Task directions>
Write every line of the following listing exactly as it reads.

Excerpted records>
· · · · ·

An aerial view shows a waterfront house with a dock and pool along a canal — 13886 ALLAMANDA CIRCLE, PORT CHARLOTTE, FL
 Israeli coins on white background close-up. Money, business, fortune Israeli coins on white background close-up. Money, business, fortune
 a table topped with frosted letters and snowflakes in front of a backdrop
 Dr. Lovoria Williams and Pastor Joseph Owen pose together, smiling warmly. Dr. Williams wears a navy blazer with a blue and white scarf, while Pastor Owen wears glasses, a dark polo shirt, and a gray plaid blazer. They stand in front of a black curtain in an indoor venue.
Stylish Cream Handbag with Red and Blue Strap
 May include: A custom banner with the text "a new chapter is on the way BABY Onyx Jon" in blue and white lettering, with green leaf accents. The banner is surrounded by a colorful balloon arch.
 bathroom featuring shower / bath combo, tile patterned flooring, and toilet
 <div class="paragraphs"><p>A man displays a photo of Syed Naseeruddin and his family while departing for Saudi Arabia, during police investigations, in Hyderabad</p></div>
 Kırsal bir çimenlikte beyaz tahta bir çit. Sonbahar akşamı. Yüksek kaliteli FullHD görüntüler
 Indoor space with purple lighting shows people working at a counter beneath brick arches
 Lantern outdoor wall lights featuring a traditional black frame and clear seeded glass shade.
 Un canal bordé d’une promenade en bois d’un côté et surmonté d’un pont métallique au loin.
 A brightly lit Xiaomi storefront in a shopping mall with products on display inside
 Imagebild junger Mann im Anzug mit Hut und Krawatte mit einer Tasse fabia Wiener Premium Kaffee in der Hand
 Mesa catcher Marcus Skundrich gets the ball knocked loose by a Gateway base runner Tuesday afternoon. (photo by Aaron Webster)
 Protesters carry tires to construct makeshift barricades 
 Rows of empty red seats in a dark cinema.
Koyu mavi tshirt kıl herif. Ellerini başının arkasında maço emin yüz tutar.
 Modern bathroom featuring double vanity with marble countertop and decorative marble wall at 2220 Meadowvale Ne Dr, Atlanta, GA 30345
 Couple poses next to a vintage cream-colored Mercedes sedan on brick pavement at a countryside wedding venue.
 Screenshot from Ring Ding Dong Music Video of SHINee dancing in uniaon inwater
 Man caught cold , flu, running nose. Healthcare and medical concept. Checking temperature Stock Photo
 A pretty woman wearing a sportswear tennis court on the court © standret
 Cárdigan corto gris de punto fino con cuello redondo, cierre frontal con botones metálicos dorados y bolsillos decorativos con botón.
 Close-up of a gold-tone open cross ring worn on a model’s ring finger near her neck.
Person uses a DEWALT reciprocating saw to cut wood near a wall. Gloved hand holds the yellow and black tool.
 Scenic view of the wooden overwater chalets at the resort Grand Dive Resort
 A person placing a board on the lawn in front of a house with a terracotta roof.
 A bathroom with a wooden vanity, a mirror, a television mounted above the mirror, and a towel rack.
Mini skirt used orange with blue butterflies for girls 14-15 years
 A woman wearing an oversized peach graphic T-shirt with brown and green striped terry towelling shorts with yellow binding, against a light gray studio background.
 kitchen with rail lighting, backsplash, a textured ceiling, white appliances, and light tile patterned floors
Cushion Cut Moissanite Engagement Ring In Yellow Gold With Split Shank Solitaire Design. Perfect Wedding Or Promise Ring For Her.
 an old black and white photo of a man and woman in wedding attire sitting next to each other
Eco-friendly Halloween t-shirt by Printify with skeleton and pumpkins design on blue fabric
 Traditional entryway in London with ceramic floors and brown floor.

· · · · ·

Exercise result>
An aerial view shows a waterfront house with a dock and pool along a canal — 13886 ALLAMANDA CIRCLE, PORT CHARLOTTE, FL
 Israeli coins on white background close-up. Money, business, fortune Israeli coins on white background close-up. Money, business, fortune
 a table topped with frosted letters and snowflakes in front of a backdrop
 Dr. Lovoria Williams and Pastor Joseph Owen pose together, smiling warmly. Dr. Williams wears a navy blazer with a blue and white scarf, while Pastor Owen wears glasses, a dark polo shirt, and a gray plaid blazer. They stand in front of a black curtain in an indoor venue.
Stylish Cream Handbag with Red and Blue Strap
 May include: A custom banner with the text "a new chapter is on the way BABY Onyx Jon" in blue and white lettering, with green leaf accents. The banner is surrounded by a colorful balloon arch.
 bathroom featuring shower / bath combo, tile patterned flooring, and toilet
 <div class="paragraphs"><p>A man displays a photo of Syed Naseeruddin and his family while departing for Saudi Arabia, during police investigations, in Hyderabad</p></div>
 Kırsal bir çimenlikte beyaz tahta bir çit. Sonbahar akşamı. Yüksek kaliteli FullHD görüntüler
 Indoor space with purple lighting shows people working at a counter beneath brick arches
 Lantern outdoor wall lights featuring a traditional black frame and clear seeded glass shade.
 Un canal bordé d’une promenade en bois d’un côté et surmonté d’un pont métallique au loin.
 A brightly lit Xiaomi storefront in a shopping mall with products on display inside
 Imagebild junger Mann im Anzug mit Hut und Krawatte mit einer Tasse fabia Wiener Premium Kaffee in der Hand
 Mesa catcher Marcus Skundrich gets the ball knocked loose by a Gateway base runner Tuesday afternoon. (photo by Aaron Webster)
 Protesters carry tires to construct makeshift barricades 
 Rows of empty red seats in a dark cinema.
Koyu mavi tshirt kıl herif. Ellerini başının arkasında maço emin yüz tutar.
 Modern bathroom featuring double vanity with marble countertop and decorative marble wall at 2220 Meadowvale Ne Dr, Atlanta, GA 30345
 Couple poses next to a vintage cream-colored Mercedes sedan on brick pavement at a countryside wedding venue.
 Screenshot from Ring Ding Dong Music Video of SHINee dancing in uniaon inwater
 Man caught cold , flu, running nose. Healthcare and medical concept. Checking temperature Stock Photo
 A pretty woman wearing a sportswear tennis court on the court © standret
 Cárdigan corto gris de punto fino con cuello redondo, cierre frontal con botones metálicos dorados y bolsillos decorativos con botón.
 Close-up of a gold-tone open cross ring worn on a model’s ring finger near her neck.
Person uses a DEWALT reciprocating saw to cut wood near a wall. Gloved hand holds the yellow and black tool.
 Scenic view of the wooden overwater chalets at the resort Grand Dive Resort
 A person placing a board on the lawn in front of a house with a terracotta roof.
 A bathroom with a wooden vanity, a mirror, a television mounted above the mirror, and a towel rack.
Mini skirt used orange with blue butterflies for girls 14-15 years
 A woman wearing an oversized peach graphic T-shirt with brown and green striped terry towelling shorts with yellow binding, against a light gray studio background.
 kitchen with rail lighting, backsplash, a textured ceiling, white appliances, and light tile patterned floors
Cushion Cut Moissanite Engagement Ring In Yellow Gold With Split Shank Solitaire Design. Perfect Wedding Or Promise Ring For Her.
 an old black and white photo of a man and woman in wedding attire sitting next to each other
Eco-friendly Halloween t-shirt by Printify with skeleton and pumpkins design on blue fabric
 Traditional entryway in London with ceramic floors and brown floor.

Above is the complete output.